Ela teve que descer para a trincheira com sua filha de dois anos nos braços e seus outros dois filhos, de 7 e 11 anos, caminhando atrás dela. “Tivemos que desviar dos cadáveres para não pisar neles”, descreve.
Violência e Discriminação
Uma vez fora da cidade, os refugiados passam por outras violências. Os relatos testemunham atos de agressão, violações e roubos contra a população civil em cada posto de controle. Mahamat Ahmat Abdelkerim teve seu telefone e seu dinheiro roubados, mas teve que continuar pagando ao passar pelos postos de controle. “As FAR têm telefones que colocam no viva-voz para que possamos entrar em contato com nossos familiares e eles nos enviem dinheiro”, descreve.

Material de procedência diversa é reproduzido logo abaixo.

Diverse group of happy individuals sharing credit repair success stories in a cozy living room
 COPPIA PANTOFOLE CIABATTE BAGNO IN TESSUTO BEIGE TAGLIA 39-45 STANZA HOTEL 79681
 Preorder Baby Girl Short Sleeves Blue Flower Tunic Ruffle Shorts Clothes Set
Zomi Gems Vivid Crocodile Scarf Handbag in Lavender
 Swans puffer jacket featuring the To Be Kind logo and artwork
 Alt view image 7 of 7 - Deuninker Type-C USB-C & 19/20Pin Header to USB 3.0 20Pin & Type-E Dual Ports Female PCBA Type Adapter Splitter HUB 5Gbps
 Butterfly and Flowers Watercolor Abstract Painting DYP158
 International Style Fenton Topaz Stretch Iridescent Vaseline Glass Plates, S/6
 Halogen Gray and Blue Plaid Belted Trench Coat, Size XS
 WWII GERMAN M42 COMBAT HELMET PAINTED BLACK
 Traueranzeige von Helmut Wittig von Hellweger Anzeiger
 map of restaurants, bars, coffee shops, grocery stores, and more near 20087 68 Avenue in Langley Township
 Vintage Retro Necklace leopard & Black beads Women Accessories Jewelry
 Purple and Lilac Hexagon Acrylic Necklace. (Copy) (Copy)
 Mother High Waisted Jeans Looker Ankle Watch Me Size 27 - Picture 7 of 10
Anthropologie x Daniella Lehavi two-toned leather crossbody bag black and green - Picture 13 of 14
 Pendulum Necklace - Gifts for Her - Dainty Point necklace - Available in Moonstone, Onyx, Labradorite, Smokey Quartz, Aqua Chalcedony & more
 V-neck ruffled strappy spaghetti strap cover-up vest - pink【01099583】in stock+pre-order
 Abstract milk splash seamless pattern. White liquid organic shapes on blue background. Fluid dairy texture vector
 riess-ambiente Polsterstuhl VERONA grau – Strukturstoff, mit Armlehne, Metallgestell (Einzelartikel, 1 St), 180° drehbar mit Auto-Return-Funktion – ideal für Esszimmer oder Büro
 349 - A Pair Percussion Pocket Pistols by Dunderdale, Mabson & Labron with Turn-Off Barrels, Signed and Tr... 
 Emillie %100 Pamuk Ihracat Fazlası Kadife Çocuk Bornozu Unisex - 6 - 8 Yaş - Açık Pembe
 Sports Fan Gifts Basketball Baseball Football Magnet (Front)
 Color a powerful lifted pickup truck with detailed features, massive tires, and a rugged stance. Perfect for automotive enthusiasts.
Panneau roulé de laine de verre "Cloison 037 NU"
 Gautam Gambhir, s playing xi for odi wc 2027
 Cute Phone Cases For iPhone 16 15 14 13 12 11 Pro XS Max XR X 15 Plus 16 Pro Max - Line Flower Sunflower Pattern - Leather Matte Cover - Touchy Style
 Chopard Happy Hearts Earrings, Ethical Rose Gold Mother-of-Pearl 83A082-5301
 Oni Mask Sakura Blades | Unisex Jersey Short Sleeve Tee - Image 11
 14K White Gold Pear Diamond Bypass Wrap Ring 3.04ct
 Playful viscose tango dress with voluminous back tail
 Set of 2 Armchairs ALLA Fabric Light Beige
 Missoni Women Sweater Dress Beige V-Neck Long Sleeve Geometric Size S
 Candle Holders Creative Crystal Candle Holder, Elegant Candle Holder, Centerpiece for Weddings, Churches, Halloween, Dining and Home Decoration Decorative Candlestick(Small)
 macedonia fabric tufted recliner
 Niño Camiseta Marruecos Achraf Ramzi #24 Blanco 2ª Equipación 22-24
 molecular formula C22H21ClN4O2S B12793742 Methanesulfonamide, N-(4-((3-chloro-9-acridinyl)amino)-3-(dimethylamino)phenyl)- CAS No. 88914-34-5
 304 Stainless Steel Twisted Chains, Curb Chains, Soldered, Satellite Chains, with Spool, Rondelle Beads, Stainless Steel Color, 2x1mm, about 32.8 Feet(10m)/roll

Outros depoimentos mencionaram casos de discriminação racial. “Disseram-nos que somos negros, que somos escravos”, conta um refugiado recém-chegado a Tiné. “Eles separam alguns homens, tiram seus pertences e atiram neles aleatoriamente”.
Crise Humanitária no Sudão
De acordo com os últimos dados da ONU, cerca de 90.000 pessoas já fugiram da cidade de El Fasher desde a conquista dos paramilitares. A agência de refugiados da acredita que “90.000” pessoas chegarão ao país nos “próximos três meses”. O conflito no Sudão já causou dezenas de milhares de mortos, deslocou quase 12 milhões de pessoas e, segundo as Nações Unidas, provocou a pior crise humanitária do mundo.